The most impactful steps: Clean your draft lines every two weeks with professional beer line cleaner — dirty lines cause excessive foam and waste. Check CO2 pressure regularly (10–14 PSI for most beers). Train staff on proper pouring technique. Inspect keg couplers and faucet seals for leaks. Track actual yield vs. expected yield per keg — if a half-barrel is giving you fewer than 95–100 16 oz pints (accounting for normal 20% waste), there's a problem worth investigating.
What's the best way to track keg inventory?
The simplest and most reliable method is a printed daily tracking sheet posted near the draft system — the generator above creates exactly that. Each day, a staff member walks the line, looks at each keg's sight glass or weighs it, and marks the level (F, 3/4, 1/2, 1/4, E) on the sheet. At the end of each week, review the sheets for patterns: Which beers sell fastest? Which kegs had unexpectedly low yield? Is waste concentrated on certain taps? That weekly review is where the real operational insight comes from.
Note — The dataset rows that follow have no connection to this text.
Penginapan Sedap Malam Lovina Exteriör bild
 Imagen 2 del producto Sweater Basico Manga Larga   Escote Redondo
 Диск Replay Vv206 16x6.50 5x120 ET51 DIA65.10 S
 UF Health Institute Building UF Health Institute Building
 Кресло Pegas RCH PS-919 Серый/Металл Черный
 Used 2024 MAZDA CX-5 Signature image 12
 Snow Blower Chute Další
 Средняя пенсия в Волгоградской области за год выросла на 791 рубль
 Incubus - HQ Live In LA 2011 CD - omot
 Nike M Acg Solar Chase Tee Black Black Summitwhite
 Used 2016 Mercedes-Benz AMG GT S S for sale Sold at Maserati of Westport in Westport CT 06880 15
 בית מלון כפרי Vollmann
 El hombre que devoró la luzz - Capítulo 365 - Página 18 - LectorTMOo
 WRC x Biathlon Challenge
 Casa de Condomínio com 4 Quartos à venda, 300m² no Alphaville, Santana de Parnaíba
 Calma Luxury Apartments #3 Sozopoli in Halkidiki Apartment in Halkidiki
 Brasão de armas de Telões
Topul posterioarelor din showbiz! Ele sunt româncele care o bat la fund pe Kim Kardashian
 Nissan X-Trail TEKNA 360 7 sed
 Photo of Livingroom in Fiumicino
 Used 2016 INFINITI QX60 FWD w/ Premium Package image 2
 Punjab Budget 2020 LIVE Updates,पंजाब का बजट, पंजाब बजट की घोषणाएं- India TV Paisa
How many kegs should I keep as backup?
A good rule of thumb is to keep 1–2 backup kegs for each of your top-selling beers, and 1 backup for mid-tier beers. Low-turnover or seasonal beers can be ordered on demand. For high-volume accounts running 6+ taps, aim for enough backup stock to cover 1 week of typical sales. The risk of running out mid-week and disappointing customers usually outweighs the cost of carrying one extra keg — especially for flagship beers.
A good inventory system and well-maintained draft equipment go hand in hand. Clean lines produce more usable pints per keg. Reliable couplers prevent gas loss. Quality faucets deliver a better pour. When your equipment is right, your tracking becomes simpler because the variables are controlled.